Nth power root topological phases in Hermitian and non-Hermitian systems

TL;DR

This paper introduces a general scheme to construct Nth power root topological phases applicable to both Hermitian and non-Hermitian systems, enhancing edge state robustness and skin effects, with experimental validation via circuit design.

Contribution

It proposes a universal scheme for Nth power root topological phases applicable to Hermitian and non-Hermitian systems, with experimental demonstration and potential device applications.

Findings

Edge state robustness increases with N in Hermitian systems.

Skin effect becomes more prominent with larger N in non-Hermitian systems.

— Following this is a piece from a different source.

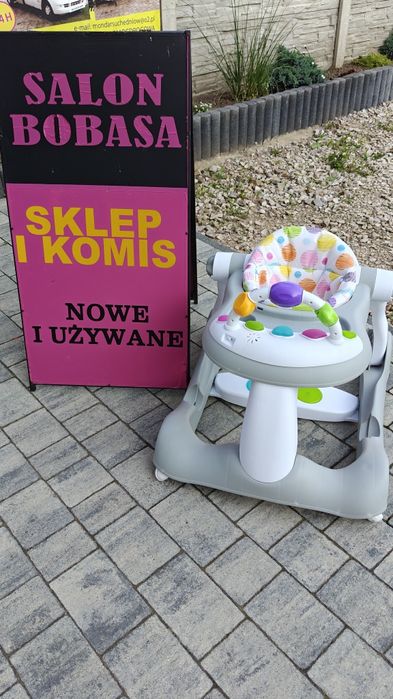 Chodzik pchacz , Sklep -Komis SALON BOBASA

Experimental circuits confirm the theoretical scheme.

Abstract

Constructing new topological phases is very important in both Hermitian and non-Hermitian systems because of their potential applications. Here we propose theoretically and demonstrate a general scheme experimentally to construct Nth power root (NPR) topological phases. Such a scheme is not only suitable for Hermitian systems, but also non-Hermitian systems. It is found that the robust degree of edge state in the Hermitian system becomes stronger and stronger with the increase of N. It tends to be a strongly surface localized form when N is large enough. In the non-Hermitian system, the skin effect becomes more apparent, and it approaches the ideal situation with the increase of N. This means that edge states and skin effects can be observed by taking different N. This scheme has been proved experimentally by designing circuits. Our work opens up a new way to engineer topological states according to the requirements, which is very important for developing topologically protected devices, such as topology sensing, switches, and so on.